On March 12 at 5 p.m., the Brattleboro Literary Festival holds a literary cocktail hour with Jonathan Slaght, author of “Owls of the Eastern Ice: A Quest to Find and Save the World’s Largest Owl.”

When he was just a fledgling birdwatcher, Slaght had a chance encounter with the Blakiston’s fish owl, one of the most mysterious birds in the world. Bigger than any owl he knew, it looked like a small bear with decorative feathers. He snapped a quick photo and shared it with experts. Soon, he was on a five-year journey, searching for this enormous, enigmatic creature in the lush, remote forests of eastern Russia. That first sighting set his calling as a scientist. Despite a wingspan of 6 feet and a height of over 2 feet, the fish owl is highly elusive, and an endangered species.

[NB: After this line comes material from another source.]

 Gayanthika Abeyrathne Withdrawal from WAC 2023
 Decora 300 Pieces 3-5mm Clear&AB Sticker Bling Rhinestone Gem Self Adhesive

It is easiest to find in winter, when its tracks mark the snowy banks of the rivers where it feeds. Slaght and his team’s quest to conserve the owls sends them on all-night monitoring missions in freezing tents, on mad dashes across thawing rivers and free-climbs up rotting trees to check nests for eggs — all while keeping watch for bears or an Amur tigers.

At the heart of Slaght’s story are the fish owls themselves: cunning hunters, devoted parents, singers of eerie duets and survivors in a harsh and shrinking habitat. Through this rare glimpse into the everyday life of a field scientist and conservationist, “Owls of the Eastern Ice” testifies to the determination and creativity essential to scientific advancement and serves as a powerful reminder of the beauty, strength and vulnerability of the natural world.

Slaght will be in conversation with Charlie Rattigan, an award-winning documentary producer and the executive director of the Vermont Institute of Natural Science, known for bird rehabilitation.

The literary cocktail hour is free and open to the public. Registration is online at bit.ly/LitCocktail6.

Registered participants will be able to interact with the author in a question and answer session. Viewers can also watch the event livestreamed on the Brattleboro Literary Festival’s YouTube page without registering.